November 4, 2010
This article was contributed by Neil Brown
In the first article in this
series, we commenced our historical search for design patterns in
Linux and Unix by illuminating the "Full exploitation" pattern which
provides a significant contribution to the strength of Unix. In this
second part we will look at the first of three patterns which characterize
some design decisions that didn't work out so well.
The fact that these design decisions are still with us and worth
talking about shows that their weaknesses were not immediately obvious
and, additionally, that these designs lasted long enough to become
sufficiently entrenched that
simply replacing them would cause more harm than good. With
these types of design issues, early warning is vitally important. The
study of these patterns can only serve if they help us to avoid
similar mistakes early enough. If they only allow us to classify that
which we cannot avoid, there would be little point in studying them at
all.
These three patterns are ordered from the one which seems to give most
predictive power to that which is least valuable as an early warning.

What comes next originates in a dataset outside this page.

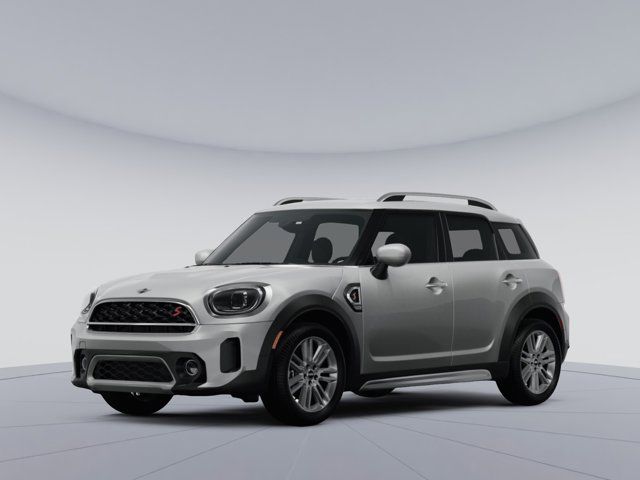 2025 MINI Cooper Countryman S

But hopefully the ending note will not be one of complete despair -
any guidance in preparing for the future is surely better than none.
Conflated Designs
This week's pattern is exposed using two design decisions which were
present in early Unix and have been followed by a series of fixes
which have address most of the resulting difficulties. By understanding the
underlying reason that the fixes were needed, we can hope to avoid
future designs which would need such fixing.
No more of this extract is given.